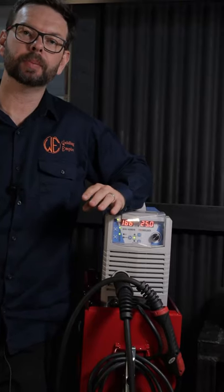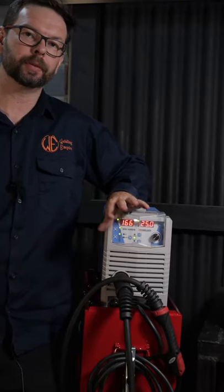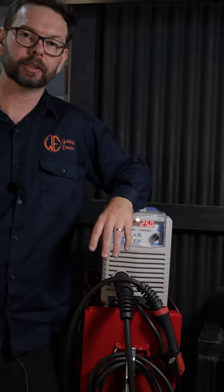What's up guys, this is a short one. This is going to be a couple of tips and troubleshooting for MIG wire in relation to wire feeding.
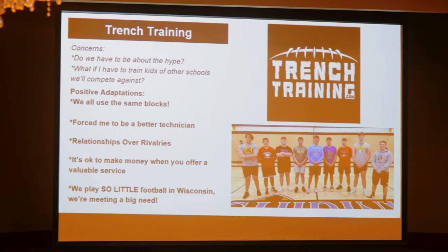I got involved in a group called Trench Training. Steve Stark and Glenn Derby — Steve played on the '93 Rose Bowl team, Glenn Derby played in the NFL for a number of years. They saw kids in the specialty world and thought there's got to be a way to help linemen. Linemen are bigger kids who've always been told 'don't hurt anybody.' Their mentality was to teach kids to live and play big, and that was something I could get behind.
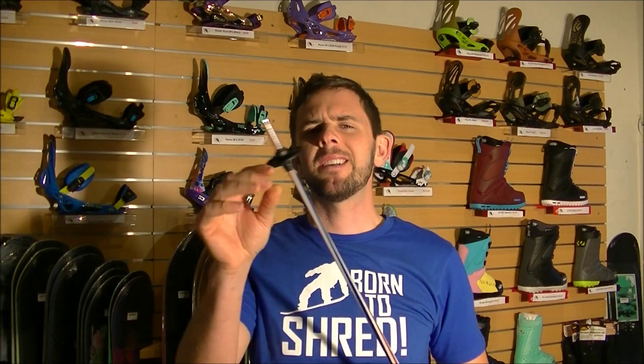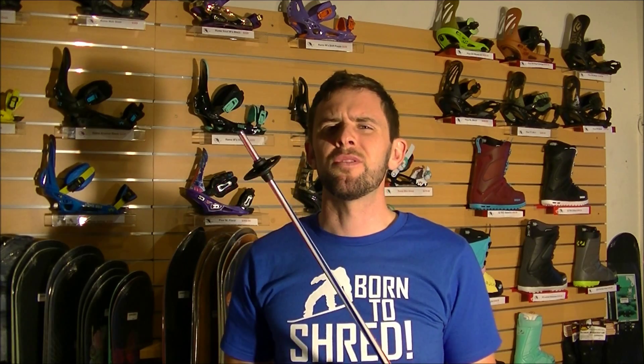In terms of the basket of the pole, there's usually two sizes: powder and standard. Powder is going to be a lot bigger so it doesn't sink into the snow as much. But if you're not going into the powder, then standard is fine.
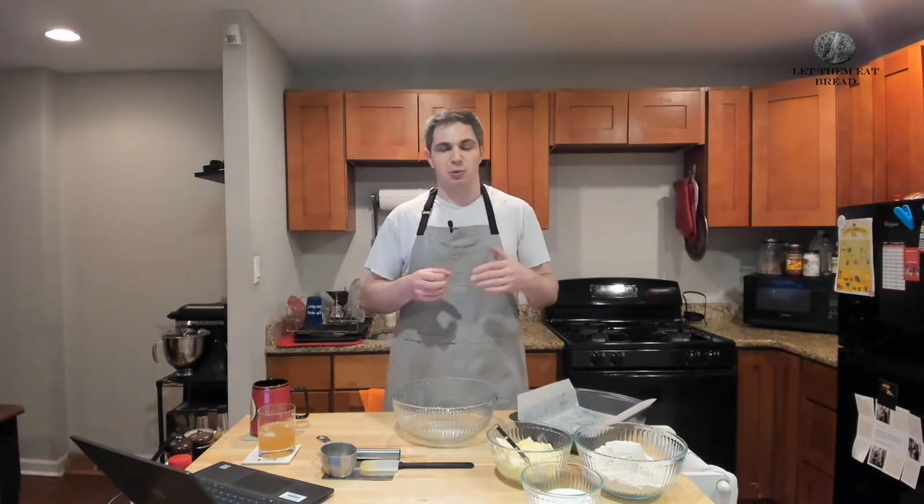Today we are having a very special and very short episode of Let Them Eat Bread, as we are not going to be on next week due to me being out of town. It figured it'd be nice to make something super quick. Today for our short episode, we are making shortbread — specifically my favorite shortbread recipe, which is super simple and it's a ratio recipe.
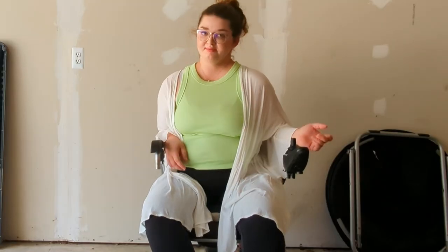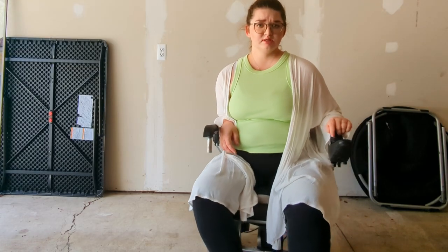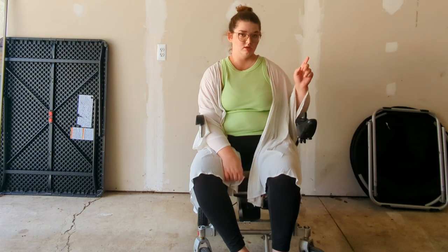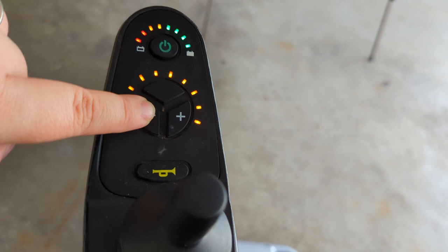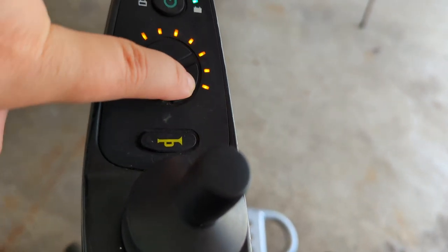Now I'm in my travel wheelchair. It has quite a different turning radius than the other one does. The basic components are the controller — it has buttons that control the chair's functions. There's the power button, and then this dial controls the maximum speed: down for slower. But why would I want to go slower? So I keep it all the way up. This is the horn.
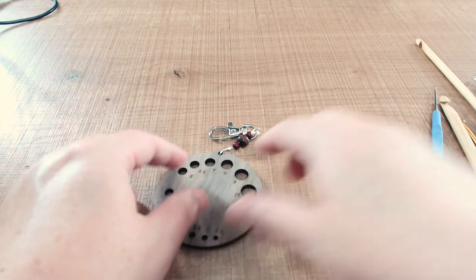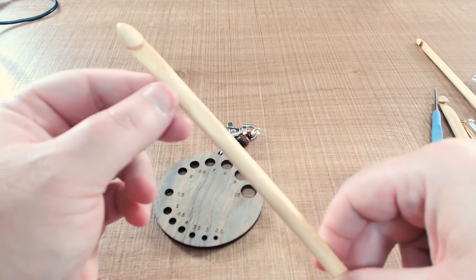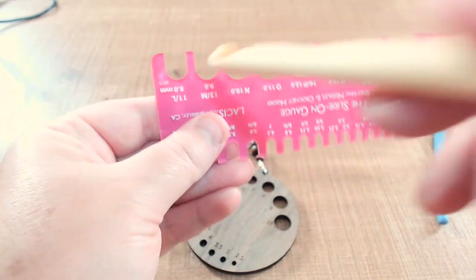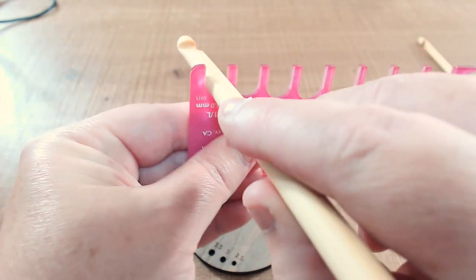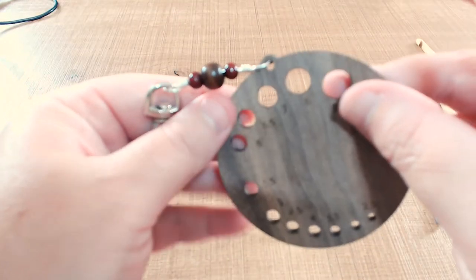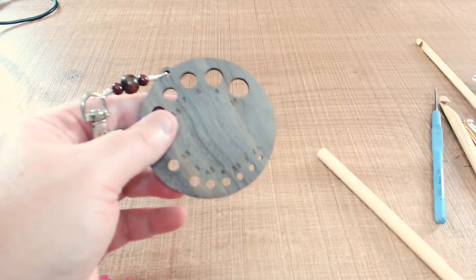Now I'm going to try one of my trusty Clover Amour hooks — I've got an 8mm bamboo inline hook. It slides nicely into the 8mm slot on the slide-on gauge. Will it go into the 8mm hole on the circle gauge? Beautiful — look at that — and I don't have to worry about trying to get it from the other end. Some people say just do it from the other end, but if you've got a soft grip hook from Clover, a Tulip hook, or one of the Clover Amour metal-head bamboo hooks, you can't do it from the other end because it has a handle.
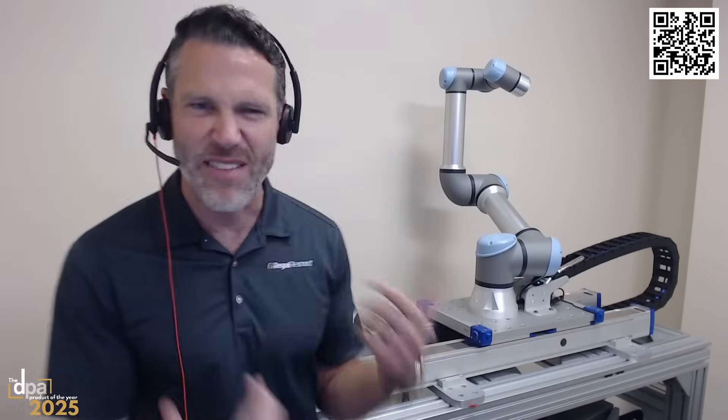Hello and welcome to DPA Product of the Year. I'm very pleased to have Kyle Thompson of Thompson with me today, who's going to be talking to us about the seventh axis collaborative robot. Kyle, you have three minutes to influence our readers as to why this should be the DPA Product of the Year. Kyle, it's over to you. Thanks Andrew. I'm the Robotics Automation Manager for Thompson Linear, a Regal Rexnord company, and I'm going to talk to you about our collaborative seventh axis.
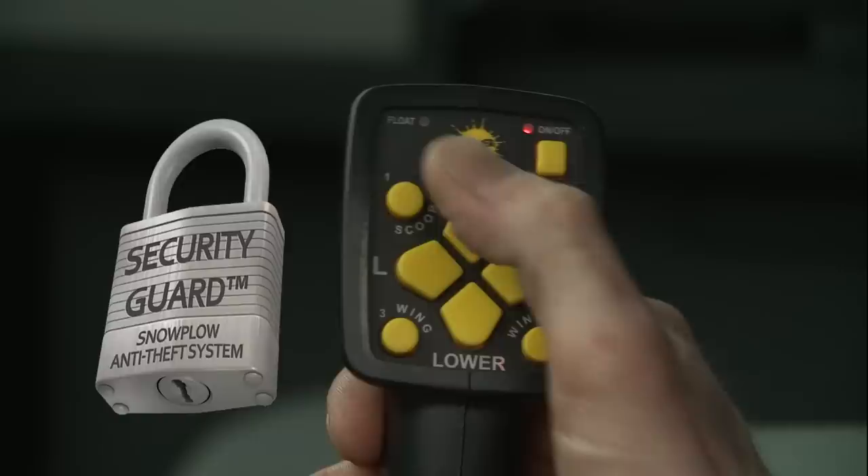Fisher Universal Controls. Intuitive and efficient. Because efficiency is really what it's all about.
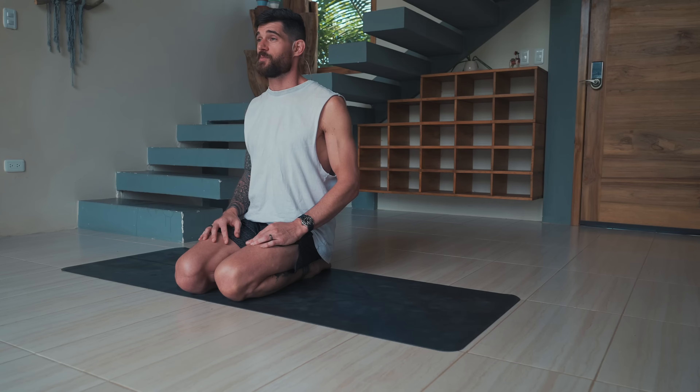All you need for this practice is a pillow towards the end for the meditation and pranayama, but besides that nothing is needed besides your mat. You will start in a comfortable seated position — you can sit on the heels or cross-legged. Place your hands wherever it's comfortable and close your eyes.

........

What you will do:
Your reply should repeat the entries above exactly, leaving the pictures out.

Finished task:
What's up guys, this is a short one. This is going to be a couple of tips and troubleshooting for MIG wire in relation to wire feeding.
I got involved in a group called Trench Training. Steve Stark and Glenn Derby — Steve played on the '93 Rose Bowl team, Glenn Derby played in the NFL for a number of years. They saw kids in the specialty world and thought there's got to be a way to help linemen. Linemen are bigger kids who've always been told 'don't hurt anybody.' Their mentality was to teach kids to live and play big, and that was something I could get behind.
In terms of the basket of the pole, there's usually two sizes: powder and standard. Powder is going to be a lot bigger so it doesn't sink into the snow as much. But if you're not going into the powder, then standard is fine.
Today we are having a very special and very short episode of Let Them Eat Bread, as we are not going to be on next week due to me being out of town. It figured it'd be nice to make something super quick. Today for our short episode, we are making shortbread — specifically my favorite shortbread recipe, which is super simple and it's a ratio recipe.
Now I'm in my travel wheelchair. It has quite a different turning radius than the other one does. The basic components are the controller — it has buttons that control the chair's functions. There's the power button, and then this dial controls the maximum speed: down for slower. But why would I want to go slower? So I keep it all the way up. This is the horn.
Now I'm going to try one of my trusty Clover Amour hooks — I've got an 8mm bamboo inline hook. It slides nicely into the 8mm slot on the slide-on gauge. Will it go into the 8mm hole on the circle gauge? Beautiful — look at that — and I don't have to worry about trying to get it from the other end. Some people say just do it from the other end, but if you've got a soft grip hook from Clover, a Tulip hook, or one of the Clover Amour metal-head bamboo hooks, you can't do it from the other end because it has a handle.
Hello and welcome to DPA Product of the Year. I'm very pleased to have Kyle Thompson of Thompson with me today, who's going to be talking to us about the seventh axis collaborative robot. Kyle, you have three minutes to influence our readers as to why this should be the DPA Product of the Year. Kyle, it's over to you. Thanks Andrew. I'm the Robotics Automation Manager for Thompson Linear, a Regal Rexnord company, and I'm going to talk to you about our collaborative seventh axis.
Fisher Universal Controls. Intuitive and efficient. Because efficiency is really what it's all about.
All you need for this practice is a pillow towards the end for the meditation and pranayama, but besides that nothing is needed besides your mat. You will start in a comfortable seated position — you can sit on the heels or cross-legged. Place your hands wherever it's comfortable and close your eyes.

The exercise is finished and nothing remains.